The body of Franz Kafka’s work is replete with instances of the author’s use of allegory, metaphor and other literary devices the application of which represented his only means of expressing his alienation from his father, from his mundane existence as an employee of an insurance company, and from the expectations placed upon him to structure his life in accordance with a certain ideal with which he was fundamentally in disagreement. Kafka’s was a life lived torn between the expectations of a demanding father and that of an aspiring writer struggling for the freedoms associated with the creative mind. Many of his protagonists reflect the emotional and intellectual struggles that characterized Kafka’s own short life, and none more so than Gregor Samsa, the tortured soul at the center of The Metamorphosis. Gregor, of course, is a traveling salesman – the quintessential monotonous and wearying profession – and Kafka makes quite explicit Gregor’s sense of alienation from his profession and from those around him. Upon awakening, and not yet realizing that his transformation from human into insect is all-too-real, Gregor lies awake and reflects on the nature of his profession:
‘O God,’ he thought, ‘what a demanding job I’ve chosen! Day in, day out on the road. The stresses of trade are much greater than the work going on at head office, and, in addition to that, I have to deal with the problems of traveling, the worries about train connections, irregular bad food, temporary and constantly changing human relationships which never come from the heart. To hell with it all!’
Kafka’s experiences in his own life, especially as an employee at the Assicurazioni Generali insurance company and then the Worker’s Accident Insurance Institute, were insufficiently intellectually stimulating and, while paying the bills, detracted from his real love, writing. While his profession was hardly the stuff of which horror stories are written, he was clearly not satisfied to live within the parameters of the traditional middle-class existence, with the wife and children, and felt confined in that lifestyle – a confinement that could be reflected in Gregor Samsa’s dissatisfaction with his lot in life. The combination of working in a profession traditionally associated with annoying other people and suffering the indignities of office life with its concomitant responsibility to a chain of command was reflected in the following self-directed inquiry:
“Why was Gregor the only one condemned to work in a firm where at the slightest lapse someone immediately attracted the greatest suspicion?”
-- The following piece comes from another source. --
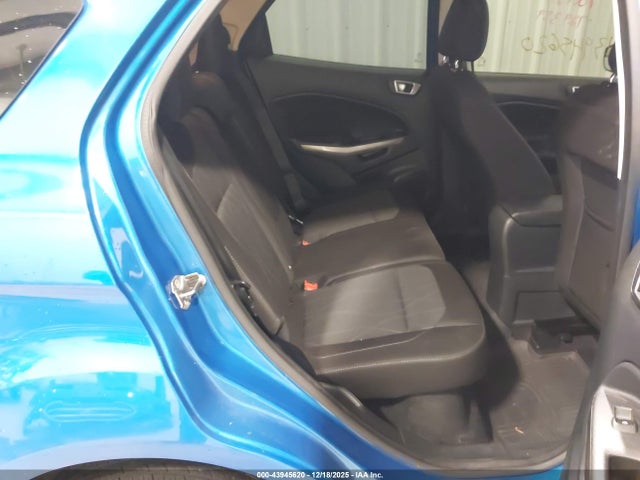 MAJ6P1UL2JC249731 Ford Ecosport Se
Gregor’s sense of alienation is ascribed to his profession, a profession down upon which many looked, leading to his observation that “[p]eople don’t like traveling salesmen. I know that.” It is the relationship with his father, though, that provides some of the story’s most allegorical statements. Kafka’s father was an overbearing, undereducated but successful businessman who was not what one might call ‘enlightened.’ Interestingly, Kafka’s father had once been a travelling salesman, and Franz’s choice of that profession for his alienated protagonist in The Metamorphosis can hardly be coincidental. Gregor’s transformation into an insect can only further strain his relationship with his father, and, in a telling passage in the story, Kafka has Gregor’s reflect disdainfully on his father’s demeanor and reaction to the son’s newly emerged identity:
“Finally Gregor had no other option, for he noticed with horror that he did not understand yet how to maintain his direction going backwards. And so he began, amid constantly anxious sideways glances in his father’s direction, to turn himself around as quickly as possible (although in truth this was only very slowly). Perhaps his father noticed his good intentions, for he did not disrupt Gregor in this motion, but with the tip of the cane from a distance he even directed here and there Gregor’s rotating movement. If only there hadn’t been his father’s unbearable hissing! Because of that Gregor totally lost his head.”
It is hard to imagine a story more allegorical than The Metamorphosis. Kafka uses Gregor’s transformation to illuminate his alienation from the world around him, and to emphasize the unbearableness of his existence. Ironically, or just interestingly, it is the family’s cleaning woman, an “old widow,” who is not in the least surprised or put-off by Gregor’s metamorphosis. On the contrary, she adopts the habit of peering into his room and saying, “’Come here for a bit, old dung beetle!’ or ‘Hey, look at the old dung beetle!’” Gregor’s status in life has reduced him to a level beneath even this elderly maid, and it is she who informs the reader as to the precise type of insect into which Gregor has transformed: a dung beetle, chosen less for its ancient transformative mythological importance than for its fecal-eating dietary habits. It is almost as if Kafka were suggesting that Gregor’s, and perhaps his own, life was the social equivalent of eating fecal matter.